What do you guys think about a mechanism that allows hosts and
routers on a subnet to automatically discover the MTU they can use
towards other systems on the same subnet, so that:
1. It's no longer necessary to limit the subnet MTU to that of the
least capable system
2. It's no longer necessary to manage 1500 byte+ MTUs manually
To me this sounds adding complexity for rather small pay-off. And
then we'd have to ask IXP people, would the enable this feature
if it was available? If so, why don't they offer high MTU VLAN
today?
And in the end, pay-off of larger MTU is quite small, perhaps
some interrupts are saved but not sure how relevant that is
in poll() based NIC drivers. Of course bigger pay-off
would be that users could use tunneling and still offer 1500
to LAN.
IXP peeps, why are you not offering high MTU VLAN option?
From my point of view, this is biggest reason why we today
generally don't have higher end-to-end MTU.
I know that some IXPs do, eg. NetNOD but generally it's
not offered even though many users would opt to use it.
Thanks,
the internet is broken.. too many firewalls dropping icmp, too many hard coded systems that work for 'default' but dont actually allow for alternative parameters that should work according to the RFCs
if you can fix all that then it might work
alternatively if you can redesign path mtu discovery that might work too..
Martin Levy suggested this too me only two weeks ago, he had an idea of sending two packets initially - one 'default' and one at the higher mtu .. if the higher one gets dropped somewhere you can quickly spot it and revert to 'default' behaviour.
I think his explanation was more complicated but it was an interesting idea
Steve
Netnod in Sweden offer MTU 4470 option.
Otoh it's not so easy operationally since for instance Juniper and Cisco calculates MTU differently.

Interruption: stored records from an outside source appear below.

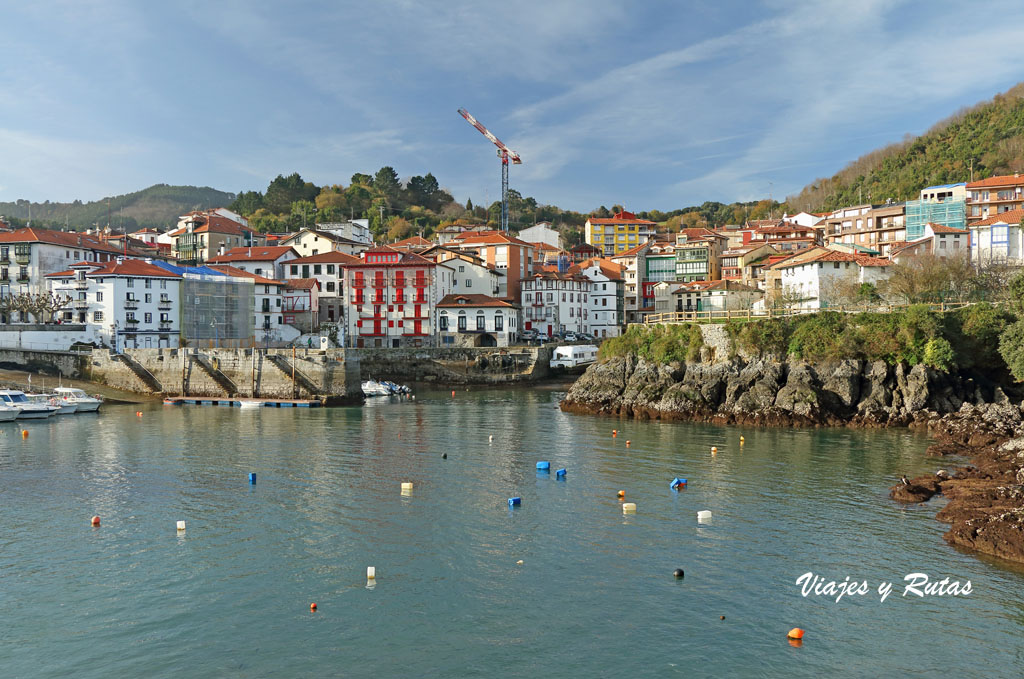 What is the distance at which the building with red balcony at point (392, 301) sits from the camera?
89.1m

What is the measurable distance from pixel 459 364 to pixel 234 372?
82.5ft

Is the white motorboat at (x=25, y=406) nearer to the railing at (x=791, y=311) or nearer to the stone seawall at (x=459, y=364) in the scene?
the stone seawall at (x=459, y=364)

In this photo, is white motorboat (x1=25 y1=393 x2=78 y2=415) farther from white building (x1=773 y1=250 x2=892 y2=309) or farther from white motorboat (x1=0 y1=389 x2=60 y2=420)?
white building (x1=773 y1=250 x2=892 y2=309)

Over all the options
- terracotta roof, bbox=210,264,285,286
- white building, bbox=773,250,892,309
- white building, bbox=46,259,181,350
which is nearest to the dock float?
white building, bbox=46,259,181,350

But I don't really see it beneficial to try to up the endsystem MTU to over standard ethernet MTU, if you think it's operationally troublesome with PMTUD now, imagine when everybody is running different MTU.
Biggest benefit would be if the transport network people run PPPoE and other tunneled traffic over, would allow for whatever MTU needed to carry unfragmented 1500 byte tunneled packets, so we could assure that all hosts on the internet actually have 1500 IP MTU transparently.
* swmike@swm.pp.se (Mikael Abrahamsson) [Thu 12 Apr 2007, 14:07 CEST]:
Last I heard, the IEEE won't go along, and they're the ones who
standardize 802.3.
A few years ago, the IETF was considering various jumbogram options.
As best I recall, that was the official response from the relevant
IEEE folks: "no". They're concerned with backward compatibility.
Perhaps that has changed (and I certainly) don't remember who sent that
note.
--Steve Bellovin, http://www.cs.columbia.edu/~smb
I agree. The throughput gains are small. You’re talking about a difference between a 4% header overhead versus a 1% header overhead (for TCP).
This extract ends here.